What you need to do - Reproduce all the records word for word. Omit images.

==== Data records

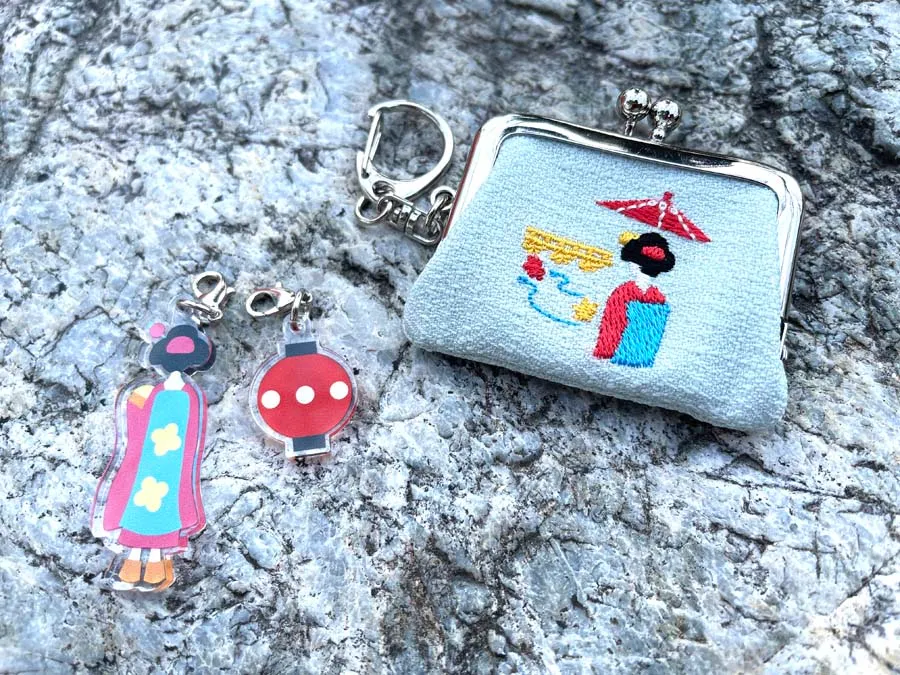 カランコロン嵐山店のキーホルダー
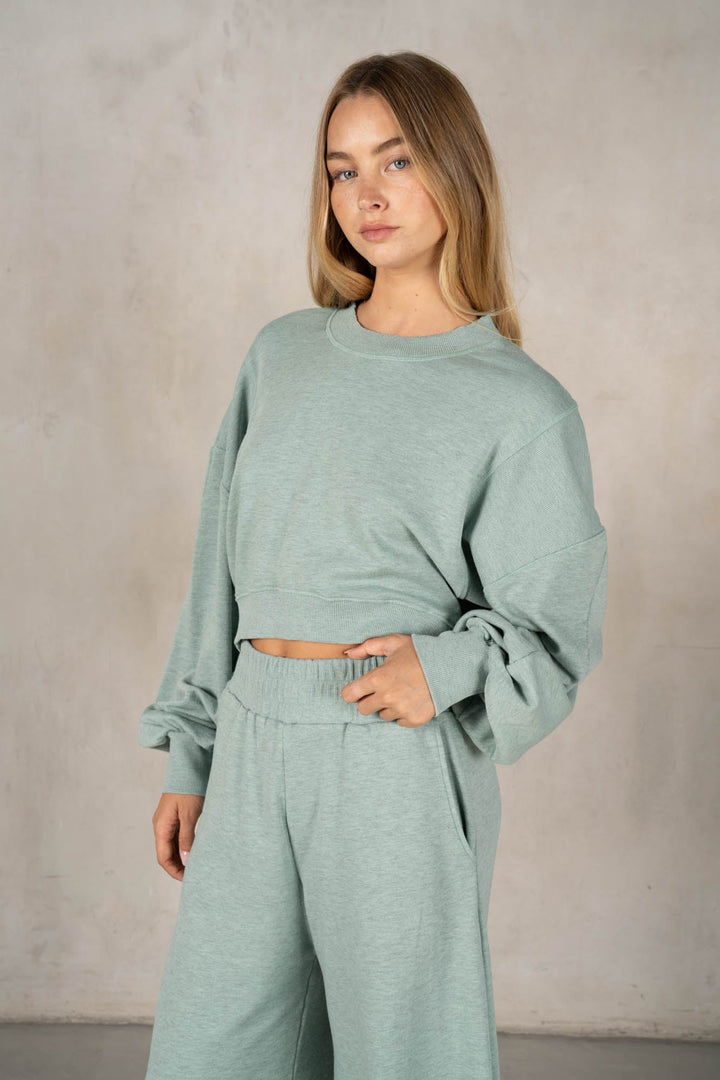 Teal Ribbed Set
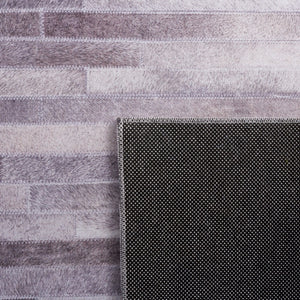 Safavieh Faux Hide 514 M/W S/R Power Loomed  Rug Ivory / Grey FAH514A-9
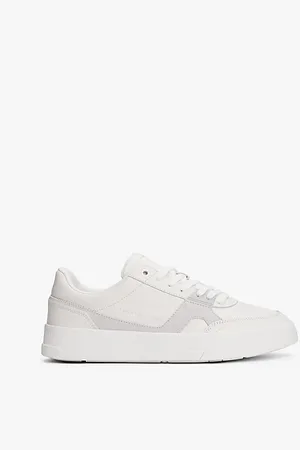 Tommy Hilfiger Leather Contrast Panel Court Trainers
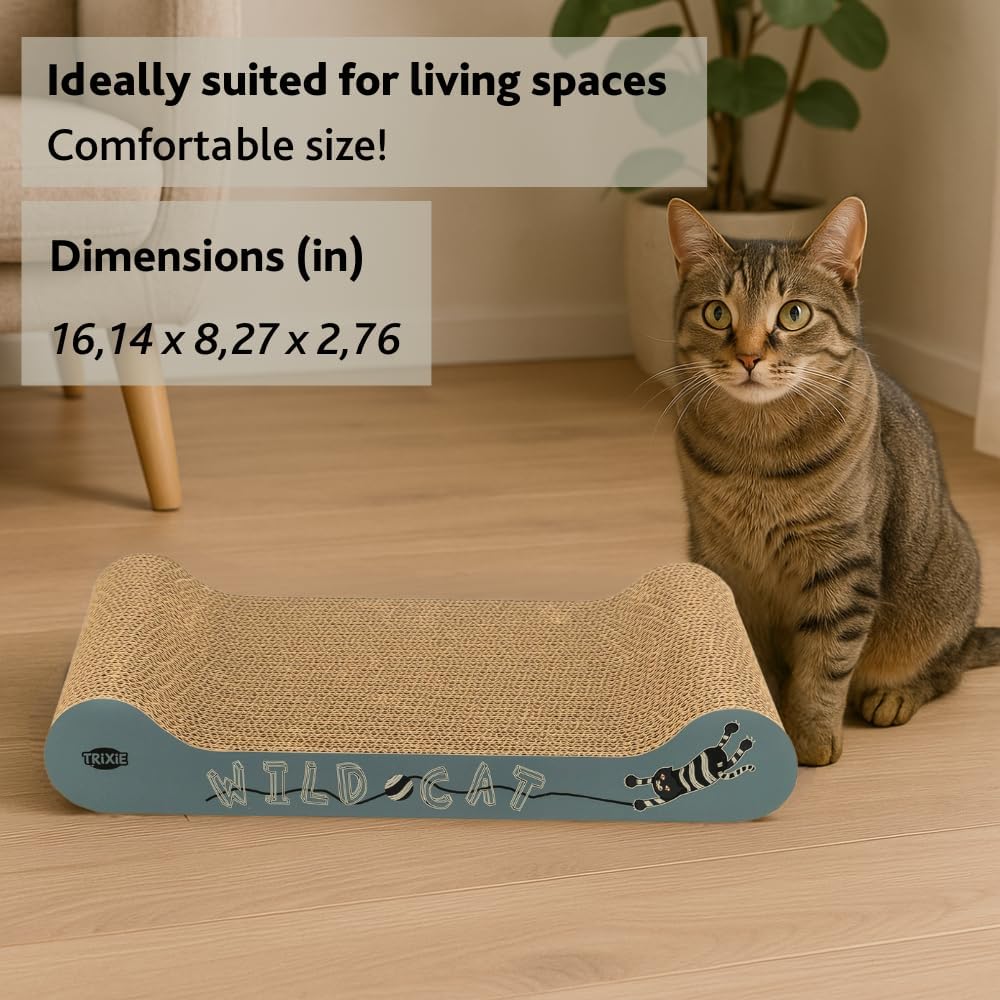 Trixie Wild Cat Cardboard Cat Scratching Mat 41 x 7 x 24cm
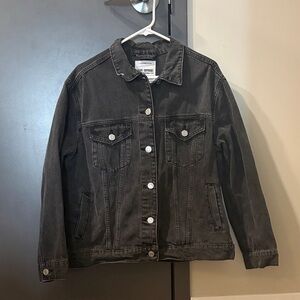 Garage Oversized boyfriendCharcoal Black Denim Jacket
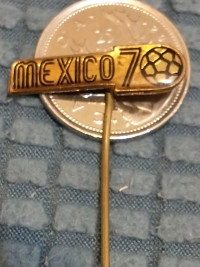 Official 1970 FIFA World Cup Mexico lapel pin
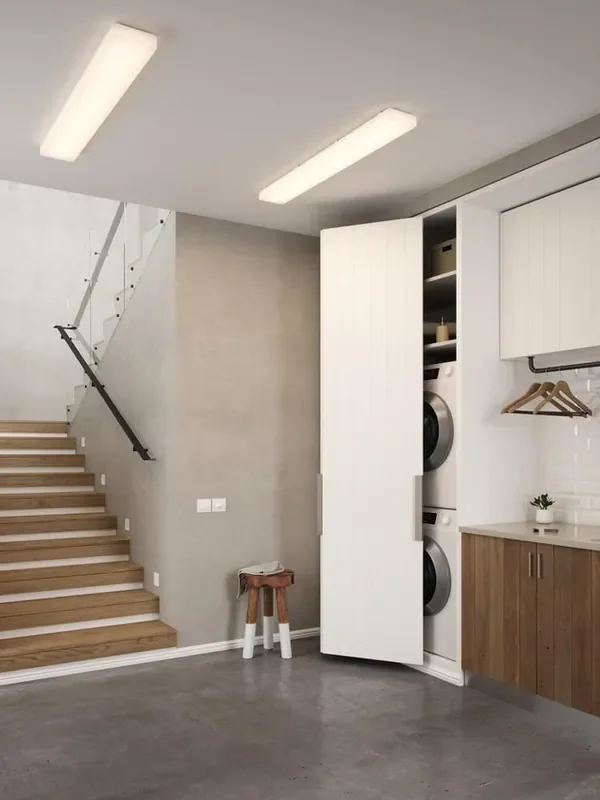 Trenton 23W White Batten LED Flush Ceiling Light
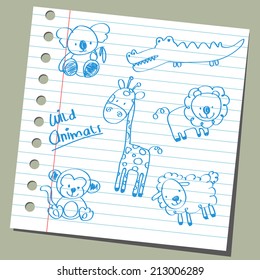 wild animals illustration
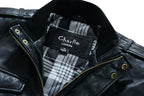 Bristol Men's Real Leather Bomber Jacket - Smart Casual Style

========

Response to this task -
 カランコロン嵐山店のキーホルダー
 Teal Ribbed Set
 Safavieh Faux Hide 514 M/W S/R Power Loomed  Rug Ivory / Grey FAH514A-9
 Tommy Hilfiger Leather Contrast Panel Court Trainers
 Trixie Wild Cat Cardboard Cat Scratching Mat 41 x 7 x 24cm
 Garage Oversized boyfriendCharcoal Black Denim Jacket
 Official 1970 FIFA World Cup Mexico lapel pin
 Trenton 23W White Batten LED Flush Ceiling Light
 wild animals illustration
 Bristol Men's Real Leather Bomber Jacket - Smart Casual Style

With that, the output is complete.